Continuous-time transfer function.

>> bode(Y), grid

enter image description here

This doesn't look like a typical bode plot either (Maybe because output is third order?) What can I infer from this representation of bode plot?

Edit: So this is a bode plot for just P(s)

enter image description here

At w = 5, it seems like the phase of -75 degrees and magnitude of 7db

Since magnitude in db, the final steady state response in time domain is

$$ Y_sss(t) = 2.24cos(5t - 75^{\circ}) $$

Really? This simple?


2 Answers 2


Firstly, the bode plot you are interested in is NOT the bode plot of Y, but of P. You have probably misinterpreted the problem's objective. Plot it and add resulting images to your question.

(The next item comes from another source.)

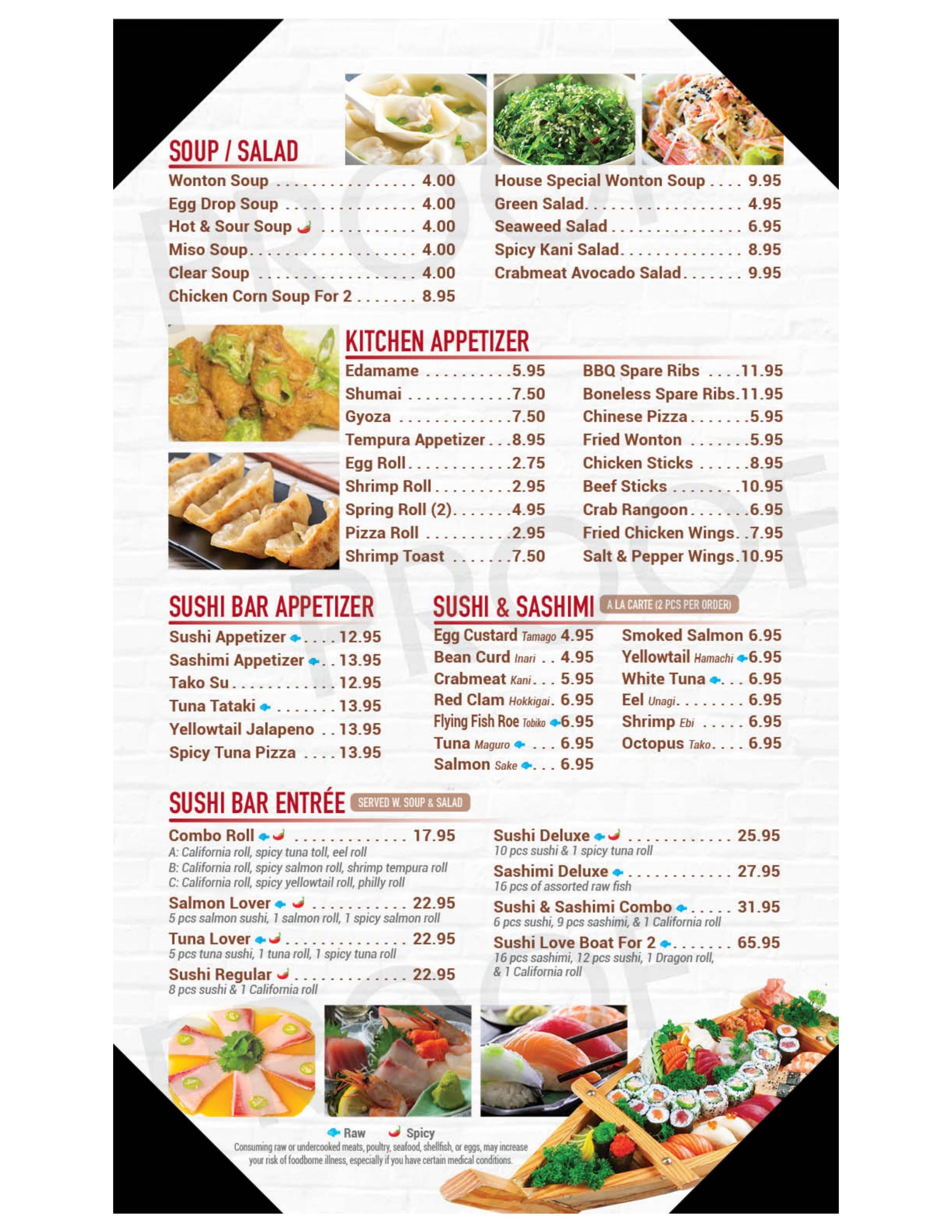 Restaurant menu 5, detailed description provided below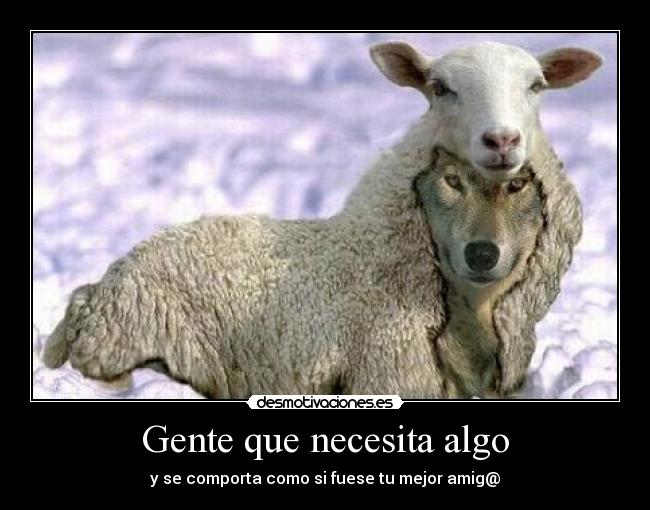 Gente que necesita algo - y se comporta como si fuese tu mejor amig@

Then what you want to do is check your input signal nature. In your example, it is a pure cossine with angular frequency 5 and unitary amplitude. When looking at bode plot of P, check for the amplitude (A) and phase (theta) at such frequency. Your response Y will then be A*cos(5t + theta). [yes, easy like that]

Since you are working with a linear system, this concept can be extended to other types of input signals through proper decomposition of input by fourier series. For example, if U were a square wave, it would have all odd harmonics leading to infinity right? With the bode plot of P, I can check the gain and phase shift for each harmonic component of the resulting wave Y!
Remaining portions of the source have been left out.